Arbor also flags that, more broadly, national labor market momentum has cooled. Yet, Salt Lake City, Raleigh and Nashville still combine solid job growth with low unemployment, while markets like Virginia Beach, Atlanta and Indianapolis stand out for the pairing of wage growth and tight labor conditions.
Coastal Demand Strength, But at a Price
Arbor's matrix does not write off the coasts. While many high‑cost coastal metros sit in the middle or lower tiers of the composite ranking, some regain ground when renter demand and income growth are explicitly weighted.
San Jose, which ranks sixth overall with demographics as its primary strength and renter demand as its secondary factor, exemplifies this dynamic. The report notes that San Jose and San Francisco lead the country on Zillow's Observed Renter Demand Index, with Chicago, Hartford and Philadelphia also showing elevated renter search activity as pricing stabilizes and return‑to‑office patterns firm up.
That demand, however, plays out against the backdrop of affordability, as Arbor details. New York and San Jose sit at the top of the required‑income ladder, with San Francisco, Boston and San Diego not far behind.
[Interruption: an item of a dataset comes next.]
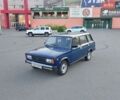 Синий ВАЗ 2104, объемом двигателя 1.45 л и пробегом 90 тыс. км за 1100 $, фото 1 на Automoto.ua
Arbor frames this not just as a tenant issue but as a core input into migration and long‑term demand, suggesting that the highest‑ranked markets in the matrix increasingly reflect an equilibrium between demand intensity and economic stability, rather than pure growth or pure affordability.
In other words, coastal metros can still earn upper‑tier status, but only where income growth, employment depth and renter demand are strong enough to offset structural cost disadvantages.
Indianapolis as a Case Study
Arbor's market spotlight on Indianapolis reads almost like an argument for what its matrix aims to reward. The firm emphasizes that the metro's number‑one ranking is "rooted more in balance than outsized growth," with a labor profile characterized by steady job gains, relatively low unemployment, and consistent wage growth, even as national private payrolls turned negative early in 2026.
According to Census data, Indianapolis recorded the largest year-over-year increase in rental occupancy among the 75 largest U.S. markets in 2025, with a 7.9‑percentage‑point gain, pushing it into one of the tightest rental markets nationally.
Arbor adds that Indianapolis has outpaced U.S. rent growth for 30 consecutive months through early 2026, even as the national pace moderated, while remaining comparatively affordable. A renter household needs $59,776 in annual income to comfortably pay the average rent of $1,494 per month.
The report also points to the metro's diversified economic base — logistics, healthcare, advanced manufacturing and life sciences — and to large‑scale investments, including Eli Lilly's expansion and the LEAP Innovation District, as anchors for long‑term job growth within the region.
In Arbor's framing, the combination of balanced operating performance, durable affordability and a broad employment base explains why Indianapolis sits at the top of the Spring 2026 rankings. Plus, why similar profiles in other metros may see their stock rise as the cycle shifts.